The Humanism of Robert Green Ingersoll

Monday, March 2, 2020
with Tom Close

Born in Dresden, NY, in 1833, Robert Green Ingersoll was an American writer and orator during the Golden Age of Free Thought who campaigned in defense of agnosticism. He was nicknamed “The Great Agnostic.” A lawyer and political speechmaker, he repeatedly crisscrossed the country lecturing on politics, culture, and (most controversially) religion.

After an introductory overview, we’ll explore Ingersoll’s legacy through his work and notable quotations, with ample time for discussion of his ideas and how his contributions have been overlooked.

Ingersoll was part of an extensive history of progressivism and innovation in western NY in the 19th century. Though popular in his day, he is less well known in our times than Elizabeth Cady Stanton, Susan B Anthony, Frederick Douglass, Mary Jemison, and Harriet Tubman.
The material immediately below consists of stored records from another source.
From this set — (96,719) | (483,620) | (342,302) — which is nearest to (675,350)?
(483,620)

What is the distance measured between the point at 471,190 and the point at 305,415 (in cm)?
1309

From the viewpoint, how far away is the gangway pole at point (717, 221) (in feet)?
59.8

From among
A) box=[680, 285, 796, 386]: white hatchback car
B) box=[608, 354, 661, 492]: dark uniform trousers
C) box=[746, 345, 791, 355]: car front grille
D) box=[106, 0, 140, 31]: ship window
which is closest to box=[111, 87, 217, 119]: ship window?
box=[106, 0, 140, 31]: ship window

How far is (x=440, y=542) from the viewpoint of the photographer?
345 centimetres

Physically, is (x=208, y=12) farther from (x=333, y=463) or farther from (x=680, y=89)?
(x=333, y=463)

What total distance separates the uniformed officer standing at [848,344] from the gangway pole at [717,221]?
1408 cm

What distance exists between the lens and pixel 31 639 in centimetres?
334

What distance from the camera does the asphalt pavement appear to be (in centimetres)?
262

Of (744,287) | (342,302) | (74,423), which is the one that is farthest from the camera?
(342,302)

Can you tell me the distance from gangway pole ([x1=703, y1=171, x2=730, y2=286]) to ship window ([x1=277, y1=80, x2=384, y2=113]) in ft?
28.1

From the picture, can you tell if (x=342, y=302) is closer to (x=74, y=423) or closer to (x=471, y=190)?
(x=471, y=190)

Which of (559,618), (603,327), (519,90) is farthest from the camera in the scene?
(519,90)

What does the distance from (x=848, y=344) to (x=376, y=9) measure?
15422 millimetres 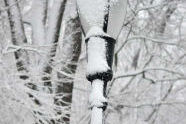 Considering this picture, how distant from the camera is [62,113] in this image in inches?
273

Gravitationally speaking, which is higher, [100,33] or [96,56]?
[100,33]

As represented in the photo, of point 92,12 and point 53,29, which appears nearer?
point 92,12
Ingersoll influenced many of these people, and others such as Cornell University co-founder Andrew Dickson White, Thomas Edison, Andrew Carnegie, and Eugene Debs.

Facilitator: Tom Close contributes to various community organizations in the Town of Jerusalem as well as in the county, including the Keuka Lake Land Use Steering Committee, the Office of the Aging, the Bluff Point Association, and Yates County Progressives. He enjoys people, music, and outdoor activities, and builds and plays violins in his home workshop.